Minimizing Dink Decibels

Luckily for anti-pickleball-pop folks, there is a rising response to noise complaints surrounding our favorite sport. In 2023, USA Pickleball addressed the growing concerns around pickleball noise by launching a Quiet Category for pickleball products. The goal of the Quiet Category is to “recognize pickleball products that reduce acoustic output during play without negatively impacting performance.”

“We are excited to introduce the new Quiet Category for pickleball equipment and related initiatives as a pivotal step in the evolution of pickleball,” said Mike Nealy, USA Pickleball Chief Executive Officer. “With the sport’s growth, addressing noise concerns is essential to maintain a positive relationship between residential communities and facility operators. We are continuing to develop guidance and resources that offer short- and long-term solutions that continue to enhance the sport. By working together with manufacturers and the entire industry, we can develop quieter options that benefit everyone.”

In November 2023, USA Pickleball announced their first certified quiet product––the OWL by OWL Sport. OWL claims that their paddle is one-of-a-kind and both limits noise and improves performance. USA Pickleball has proven that the paddle reduces noise by up to 50 percent, according to their metrics.

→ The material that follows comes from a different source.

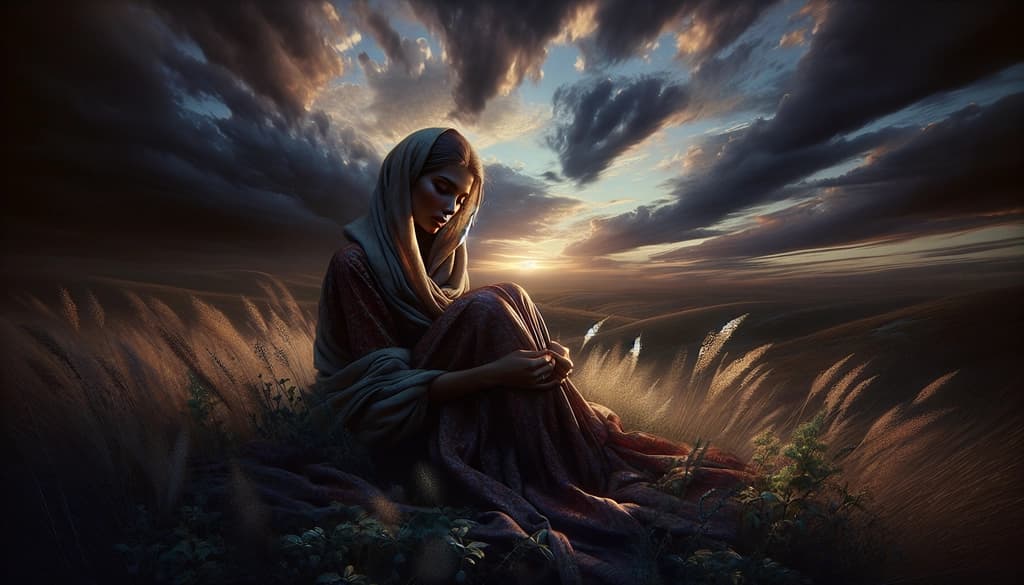 Person sitting peacefully outdoors at dawn, embracing nature and the mystery of life and death.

USA Pickleball has vowed that they will continue to invest in noise-reduction products and research for the foreseeable future, by “advancing the caliber of remote and on-site evaluations, materials guidance to manufacturers, and providing input to municipalities for evolving codes and ordinances.” 

Pickleball Sound Mitigation is a company that is entirely dedicated to minimizing the pickleball pop. As a consultant for USA Pickleball, they have helped provide perspective and solutions for those who complain about the pickleball pop and for pickleballers who do not want their adversaries to block pickleball development and practice. 

Can You Really Control the Pickleball POP? 

So, there are new options for those who either dislike the pickleball pop or want to appease someone in their life who does. Is there a way to get enough people on board with quiet gear to make a difference? 

Some say that many noise-reducing pickleball products really do affect their game and the bounce of the ball off of the paddle. Fortunately, even if that is the case, it appears that the USA Pickleball team is dedicated to ensuring a wide array of products is available that can limit noise without compromising play. 

What do you think? Does eliminating the pickleball pop take away from the game’s charm? Or is a quieter game better for everyone?